VPA has three operating modes:

ModeBehaviorRisk Level
OffVPA calculates recommendations but does nothingNone
InitialSets resources only when pods are created (not on running pods)Low
AutoEvicts and recreates pods with updated resourcesMedium

Most teams start with Off (recommend only), then graduate to Auto for non-critical workloads.

Installing VPA

Prerequisites

  • Kubernetes 1.26+
  • Metrics Server installed (kubectl top pods must work)

Installation

bash
# Clone the VPA repo
git clone https://github.com/kubernetes/autoscaler.git
cd autoscaler/vertical-pod-autoscaler
 
# Install VPA components
./hack/vpa-up.sh

Or with Helm:

bash
helm repo add fairwinds-stable https://charts.fairwinds.com/stable
helm install vpa fairwinds-stable/vpa \
  --namespace vpa \
  --create-namespace \
  --set recommender.enabled=true \
  --set updater.enabled=true \
  --set admissionController.enabled=true

Verify:

bash
kubectl get pods -n vpa
NAME                                        READY   STATUS    RESTARTS   AGE
vpa-admission-controller-6b5c4f6d8-x2k4m   1/1     Running   0          2m
vpa-recommender-7d9bc5f8b-9j3kl             1/1     Running   0          2m
vpa-updater-5f9d8b7c6-l8m2p                 1/1     Running   0          2m

Three components:

  • Recommender — watches pod metrics, calculates optimal resources
  • Updater — evicts pods that need resource updates (only in Auto mode)
  • Admission Controller — mutates pod specs during creation with VPA recommendations

Creating a VPA Resource

Recommend-Only Mode (Start Here)

yaml
apiVersion: autoscaling.k8s.io/v1
kind: VerticalPodAutoscaler
metadata:
  name: api-server-vpa
  namespace: production
spec:
  targetRef:
    apiVersion: apps/v1
    kind: Deployment
    name: api-server
  updatePolicy:
    updateMode: "Off"  # Recommend only, don't change anything
  resourcePolicy:
    containerPolicies:
      - containerName: api
        minAllowed:
          cpu: 100m
          memory: 128Mi
        maxAllowed:
          cpu: 4
          memory: 8Gi
        controlledResources: ["cpu", "memory"]
bash
kubectl apply -f vpa.yaml
 
# Wait 5-10 minutes for recommendations, then check
kubectl describe vpa api-server-vpa -n production

Output:

yaml
Recommendation:
  Container Recommendations:
    Container Name: api
    Lower Bound:
      Cpu:     125m
      Memory:  196Mi
    Target:
      Cpu:     250m
      Memory:  384Mi
    Uncapped Target:
      Cpu:     250m
      Memory:  384Mi
    Upper Bound:
      Cpu:     1200m
      Memory:  1536Mi

Key values:

  • Target — the recommended requests (what VPA suggests)
  • Lower Bound — minimum safe value (P10 usage)
  • Upper Bound — handles traffic spikes (P95+ usage)
  • Uncapped Target — target without minAllowed/maxAllowed constraints

Auto Mode (For Production)

Once you trust the recommendations, enable auto mode:

yaml
spec:
  updatePolicy:
    updateMode: "Auto"
    minReplicas: 2  # Don't evict if fewer than 2 replicas

In Auto mode, VPA:

  1. Monitors actual resource usage
  2. Calculates optimal requests
  3. Evicts pods whose current requests differ significantly from the target
  4. The Admission Controller sets the new requests when the pod is recreated

Warning: Auto mode evicts pods!
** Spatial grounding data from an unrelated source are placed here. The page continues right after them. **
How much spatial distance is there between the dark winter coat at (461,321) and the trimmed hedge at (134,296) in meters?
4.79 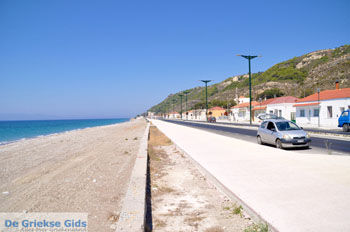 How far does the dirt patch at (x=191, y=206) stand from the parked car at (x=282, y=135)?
6984mm

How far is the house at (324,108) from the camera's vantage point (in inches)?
1315

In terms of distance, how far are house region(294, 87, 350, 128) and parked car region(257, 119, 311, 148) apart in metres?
21.6

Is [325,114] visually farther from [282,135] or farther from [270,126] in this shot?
[282,135]

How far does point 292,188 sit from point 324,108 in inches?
1365

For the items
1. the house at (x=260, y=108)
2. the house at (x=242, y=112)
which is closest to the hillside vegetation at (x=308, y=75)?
the house at (x=260, y=108)

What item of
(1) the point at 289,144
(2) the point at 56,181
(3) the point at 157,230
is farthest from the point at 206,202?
(1) the point at 289,144

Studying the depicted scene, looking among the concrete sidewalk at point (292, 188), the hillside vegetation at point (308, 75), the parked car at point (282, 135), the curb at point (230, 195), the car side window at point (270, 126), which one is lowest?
the curb at point (230, 195)

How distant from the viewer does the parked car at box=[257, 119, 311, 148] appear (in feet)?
45.4

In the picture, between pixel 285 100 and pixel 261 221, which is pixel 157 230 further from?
pixel 285 100

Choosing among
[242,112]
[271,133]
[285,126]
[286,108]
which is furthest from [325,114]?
[242,112]

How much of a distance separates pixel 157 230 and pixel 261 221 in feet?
5.64

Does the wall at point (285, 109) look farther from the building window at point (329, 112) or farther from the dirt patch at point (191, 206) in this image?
the dirt patch at point (191, 206)

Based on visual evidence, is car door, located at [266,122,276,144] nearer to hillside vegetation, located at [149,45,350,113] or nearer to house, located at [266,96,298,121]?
house, located at [266,96,298,121]

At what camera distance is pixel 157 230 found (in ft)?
15.2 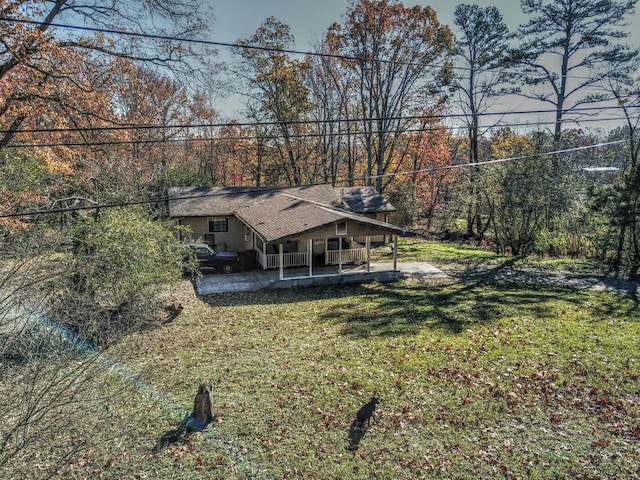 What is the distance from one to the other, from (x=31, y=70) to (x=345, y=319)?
35.1 ft

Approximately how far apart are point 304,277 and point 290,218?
3.15m

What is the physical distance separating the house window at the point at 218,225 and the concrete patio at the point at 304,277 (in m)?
4.24

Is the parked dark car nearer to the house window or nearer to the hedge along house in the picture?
the hedge along house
Ensure you have:

  • Multiple replicas
  • PodDisruptionBudgets
  • Proper readiness probes

VPA vs HPA — When to Use Which

FeatureVPAHPA
ScalesResources per pod (vertical)Number of pods (horizontal)
Best forRight-sizing requestsHandling traffic changes
MetricHistorical CPU/memory usageCurrent CPU/memory/custom
DisruptionEvicts pods (in Auto)Adds/removes pods

Can you use both? Yes, but with caveats:

yaml
# VPA controls memory only
spec:
  resourcePolicy:
    containerPolicies:
      - containerName: api
        controlledResources: ["memory"]  # VPA handles memory
        # HPA handles CPU-based scaling

The rule: don't let VPA and HPA compete on the same metric. If HPA scales on CPU, let VPA handle memory (or vice versa).
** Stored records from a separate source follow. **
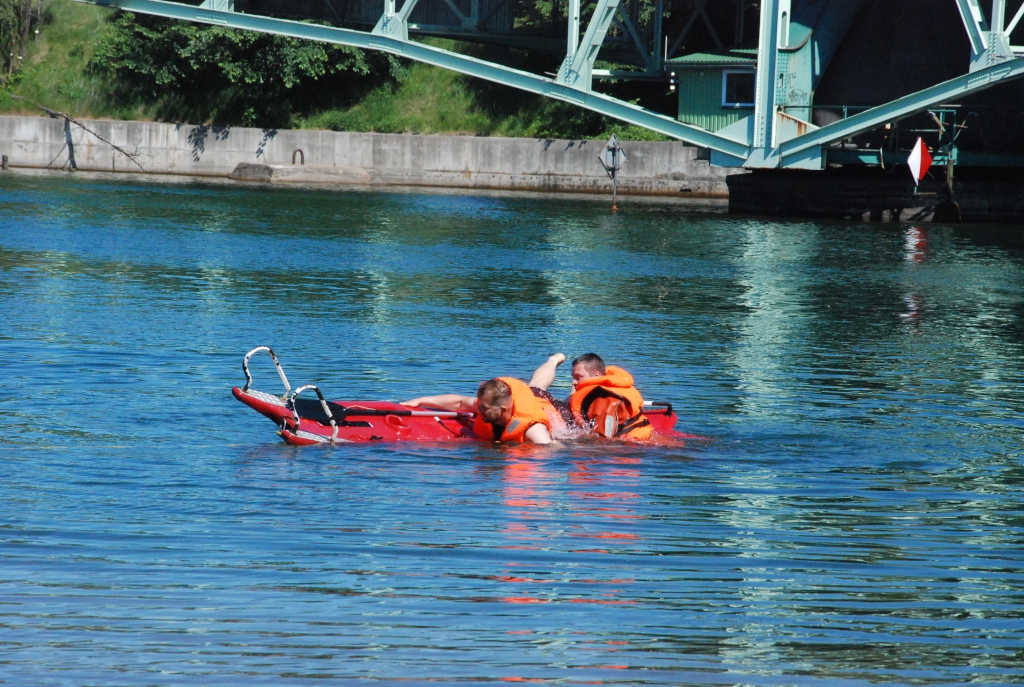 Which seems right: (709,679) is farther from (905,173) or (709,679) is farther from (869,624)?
(905,173)

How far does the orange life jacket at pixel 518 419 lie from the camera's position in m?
11.6

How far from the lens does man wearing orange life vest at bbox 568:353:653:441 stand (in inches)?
474

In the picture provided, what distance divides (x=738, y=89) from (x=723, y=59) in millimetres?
1086

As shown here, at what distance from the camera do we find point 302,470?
35.1 ft

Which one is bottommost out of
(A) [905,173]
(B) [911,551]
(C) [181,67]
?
(B) [911,551]

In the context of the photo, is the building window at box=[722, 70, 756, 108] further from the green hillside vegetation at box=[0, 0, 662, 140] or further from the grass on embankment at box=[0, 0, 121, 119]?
the grass on embankment at box=[0, 0, 121, 119]

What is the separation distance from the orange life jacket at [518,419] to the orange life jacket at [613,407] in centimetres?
54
Production Configuration Patterns

Pattern 1: Conservative Right-Sizing

For critical workloads where stability matters more than cost:

yaml
apiVersion: autoscaling.k8s.io/v1
kind: VerticalPodAutoscaler
metadata:
  name: payment-service-vpa
spec:
  targetRef:
    apiVersion: apps/v1
    kind: Deployment
    name: payment-service
  updatePolicy:
    updateMode: "Initial"  # Only set on new pods, don't evict
  resourcePolicy:
    containerPolicies:
      - containerName: payment
        minAllowed:
          cpu: 500m      # High minimum for critical service
          memory: 512Mi
        maxAllowed:
          cpu: 4
          memory: 8Gi
        controlledResources: ["cpu", "memory"]
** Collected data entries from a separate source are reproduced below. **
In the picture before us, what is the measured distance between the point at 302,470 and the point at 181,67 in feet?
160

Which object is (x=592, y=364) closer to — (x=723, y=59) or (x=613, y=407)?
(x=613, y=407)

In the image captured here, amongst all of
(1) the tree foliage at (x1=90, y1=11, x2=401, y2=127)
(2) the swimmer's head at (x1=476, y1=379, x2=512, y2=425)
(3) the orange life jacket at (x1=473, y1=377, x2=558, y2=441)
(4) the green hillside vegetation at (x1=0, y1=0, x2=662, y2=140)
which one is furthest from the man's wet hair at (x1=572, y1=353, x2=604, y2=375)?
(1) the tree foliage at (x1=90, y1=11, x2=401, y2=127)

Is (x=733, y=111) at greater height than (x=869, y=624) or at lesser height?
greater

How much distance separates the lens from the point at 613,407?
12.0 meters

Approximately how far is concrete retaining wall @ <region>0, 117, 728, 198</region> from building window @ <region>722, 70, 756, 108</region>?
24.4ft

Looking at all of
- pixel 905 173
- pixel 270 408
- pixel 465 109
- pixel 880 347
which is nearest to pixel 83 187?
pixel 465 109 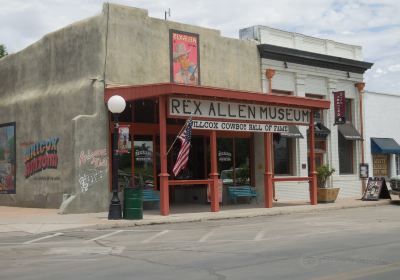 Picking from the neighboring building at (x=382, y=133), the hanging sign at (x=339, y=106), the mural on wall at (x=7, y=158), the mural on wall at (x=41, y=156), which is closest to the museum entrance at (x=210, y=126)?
the mural on wall at (x=41, y=156)

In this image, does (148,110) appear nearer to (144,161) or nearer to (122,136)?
(144,161)

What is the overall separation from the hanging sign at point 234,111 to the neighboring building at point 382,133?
879 cm

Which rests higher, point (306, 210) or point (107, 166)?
point (107, 166)

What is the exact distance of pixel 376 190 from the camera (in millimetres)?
25578

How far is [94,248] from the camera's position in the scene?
38.6 feet

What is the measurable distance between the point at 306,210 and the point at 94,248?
1103 centimetres

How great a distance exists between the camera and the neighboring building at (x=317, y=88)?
1037 inches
Pattern 2: Aggressive Cost Optimization

For non-critical workloads (dev/staging, batch jobs, internal tools):

yaml
apiVersion: autoscaling.k8s.io/v1
kind: VerticalPodAutoscaler
metadata:
  name: internal-tool-vpa
spec:
  targetRef:
    apiVersion: apps/v1
    kind: Deployment
    name: internal-dashboard
  updatePolicy:
    updateMode: "Auto"
  resourcePolicy:
    containerPolicies:
      - containerName: dashboard
        minAllowed:
          cpu: 50m
          memory: 64Mi
        maxAllowed:
          cpu: 2
          memory: 4Gi

Pattern 3: VPA for Every Deployment (Goldilocks)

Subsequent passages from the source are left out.